## Supplied material
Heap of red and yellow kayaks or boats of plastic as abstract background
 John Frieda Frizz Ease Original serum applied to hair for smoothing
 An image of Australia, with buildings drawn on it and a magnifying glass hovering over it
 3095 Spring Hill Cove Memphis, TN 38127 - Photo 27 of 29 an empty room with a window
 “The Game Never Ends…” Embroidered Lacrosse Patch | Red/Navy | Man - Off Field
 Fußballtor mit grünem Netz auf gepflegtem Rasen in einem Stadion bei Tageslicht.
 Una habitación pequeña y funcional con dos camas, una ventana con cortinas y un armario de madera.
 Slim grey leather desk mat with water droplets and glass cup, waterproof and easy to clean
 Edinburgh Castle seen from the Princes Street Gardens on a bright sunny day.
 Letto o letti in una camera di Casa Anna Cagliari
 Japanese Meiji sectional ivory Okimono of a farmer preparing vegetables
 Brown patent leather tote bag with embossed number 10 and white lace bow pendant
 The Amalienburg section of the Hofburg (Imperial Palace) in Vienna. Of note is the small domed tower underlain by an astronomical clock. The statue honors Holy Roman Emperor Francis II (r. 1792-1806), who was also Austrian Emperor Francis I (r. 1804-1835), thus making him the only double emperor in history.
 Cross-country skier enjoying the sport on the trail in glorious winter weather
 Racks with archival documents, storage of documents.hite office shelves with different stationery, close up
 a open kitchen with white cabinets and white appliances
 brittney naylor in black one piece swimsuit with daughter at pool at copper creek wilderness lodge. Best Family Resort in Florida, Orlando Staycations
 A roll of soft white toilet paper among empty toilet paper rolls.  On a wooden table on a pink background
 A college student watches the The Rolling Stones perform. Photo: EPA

## Aim of the task
Type the entries out again so that they match exactly.

## Written solution
Heap of red and yellow kayaks or boats of plastic as abstract background
 John Frieda Frizz Ease Original serum applied to hair for smoothing
 An image of Australia, with buildings drawn on it and a magnifying glass hovering over it
 3095 Spring Hill Cove Memphis, TN 38127 - Photo 27 of 29 an empty room with a window
 “The Game Never Ends…” Embroidered Lacrosse Patch | Red/Navy | Man - Off Field
 Fußballtor mit grünem Netz auf gepflegtem Rasen in einem Stadion bei Tageslicht.
 Una habitación pequeña y funcional con dos camas, una ventana con cortinas y un armario de madera.
 Slim grey leather desk mat with water droplets and glass cup, waterproof and easy to clean
 Edinburgh Castle seen from the Princes Street Gardens on a bright sunny day.
 Letto o letti in una camera di Casa Anna Cagliari
 Japanese Meiji sectional ivory Okimono of a farmer preparing vegetables
 Brown patent leather tote bag with embossed number 10 and white lace bow pendant
 The Amalienburg section of the Hofburg (Imperial Palace) in Vienna. Of note is the small domed tower underlain by an astronomical clock. The statue honors Holy Roman Emperor Francis II (r. 1792-1806), who was also Austrian Emperor Francis I (r. 1804-1835), thus making him the only double emperor in history.
 Cross-country skier enjoying the sport on the trail in glorious winter weather
 Racks with archival documents, storage of documents.hite office shelves with different stationery, close up
 a open kitchen with white cabinets and white appliances
 brittney naylor in black one piece swimsuit with daughter at pool at copper creek wilderness lodge. Best Family Resort in Florida, Orlando Staycations
 A roll of soft white toilet paper among empty toilet paper rolls.  On a wooden table on a pink background
 A college student watches the The Rolling Stones perform. Photo: EPA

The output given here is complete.